■ TO DO: Output all of the data below without changing a word, and exclude the pictures.

■ DATA BELOW:
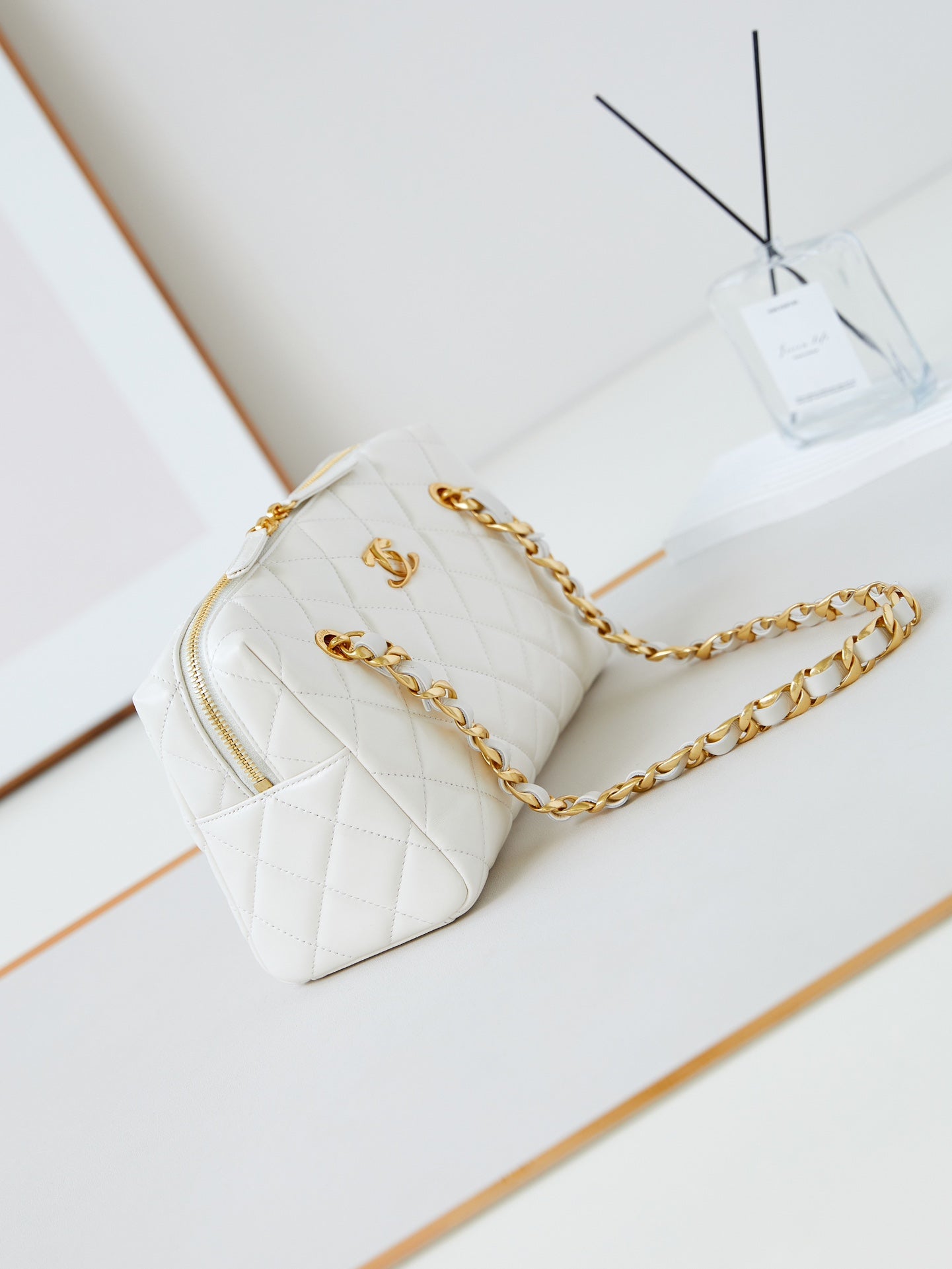 CC 24K ボウリングバッグ 25cm ホワイトワックスラムスキン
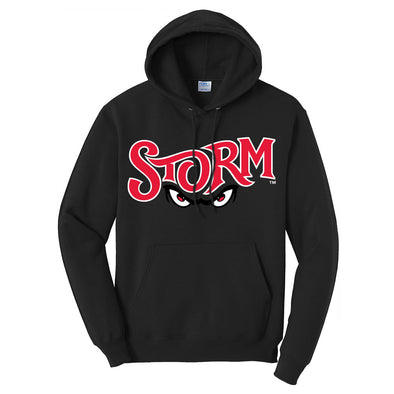 Lake Elsinore Storm Youth New Wordmark Hoodie - Black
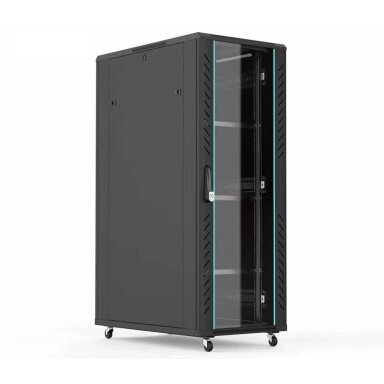 Komutacinė spinta 19'' pastatoma 42U 800x800x2050 (nesurinkta, juoda)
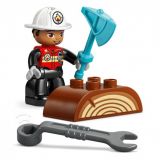 CAMIÓN BOMBEROS C/MANGUERA Y BOMBERO LEGO DUPLO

■ WRITTEN SOLUTION:
 CC 24K ボウリングバッグ 25cm ホワイトワックスラムスキン
 Lake Elsinore Storm Youth New Wordmark Hoodie - Black
 Komutacinė spinta 19'' pastatoma 42U 800x800x2050 (nesurinkta, juoda)
 CAMIÓN BOMBEROS C/MANGUERA Y BOMBERO LEGO DUPLO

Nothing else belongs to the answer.